The regulation equally makes room for its own internal dispute resolution mechanism. Where taxable entities are dissatisfied with an assessment or an adjustment, they may notify the FIRS which will in turn constitute a decision review panel. The complainant is required to provide sufficient documentary evidence to substantiate its claim and the Board’s decision is final and binding subject only to the complainant’s right to seek redress in a court of law.

 

CONCLUSION

Taxable entities can no longer use related entity transactions as a vehicle for tax avoidance or planning. Before contracting any business it is important for a taxable entity to determine whether or not the transaction falls within the related parties’ threshold because the FIRS’ powers to adjust the price at which parties contracted may lead to a cost overrun after the transaction is concluded.
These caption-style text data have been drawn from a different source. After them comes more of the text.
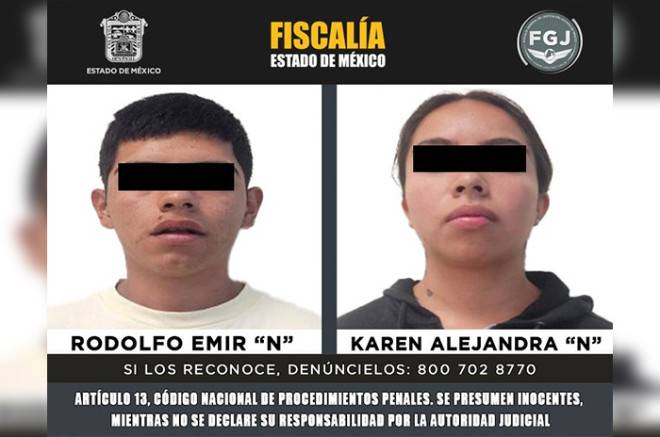 Golpearon y dispararon a un hombre hasta matarlo Valle de Chalco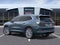 2026 Buick Enclave 4dr Avenir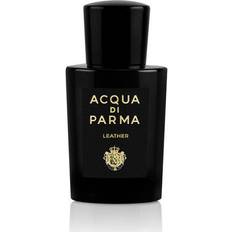 Acqua Di Parma Leather EdP 20ml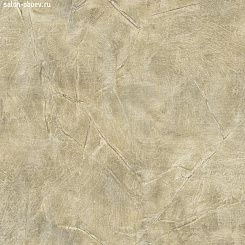 Обои Wallquest Villa Toscana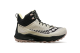 Saucony Ultra Ridge GTX Tex Gore (S10796-32) braun 6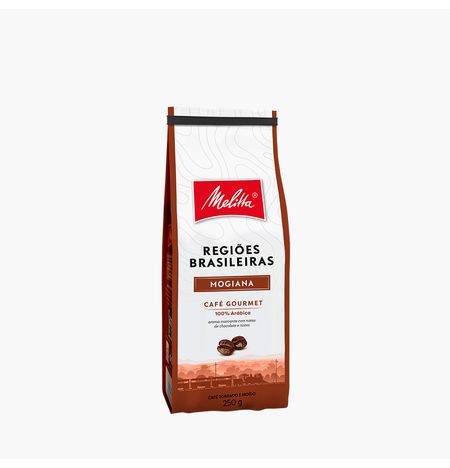 CAFE-REGIOES-BRASILEIRAS-MOGIANA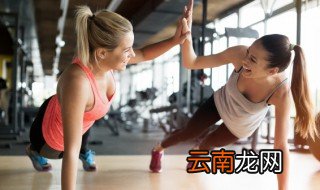 闺蜜昵称温柔 闺蜜昵称温柔霸气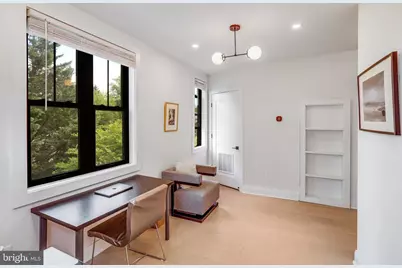 5119 45th Street NW, Washington, DC 20016 - Photo 16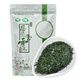 恩施玉露蒸青綠茶 潤邦茶業(yè) 硒茶口糧茶冷泡茶 袋裝100g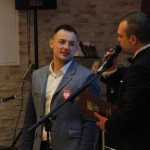 Gala Sportu Poniedziałek (24)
Transaction advisors must also ensure that transfer pricing elements are given consideration during the preliminary due diligence exercises and that parties are advised on its implication.

It is advised that all companies in Nigeria adopt a transfer pricing compliance policy, Companies within multinational groups that have adopted their global TP policies must also ensure that those policies are in line with local regulations and that all transactions be subjected to a related parties’ litmus test. Where such relationships are established, parties must ensure that transactions are priced based on any of the acceptable transfer pricing mechanisms or in line with an advanced pricing agreement entered into with the FIRS.

Taxable entities may still for commercial and other compelling reasons desire to contract related transaction other than on an arm’s length basis; in such cases they could mitigate their risks by drafting sufficient indemnities from the other party into the transaction agreement such that that where the transaction resorts in additional tax liability, it could be borne solely by the other party or allocated between the parties in a pre agreed ratio.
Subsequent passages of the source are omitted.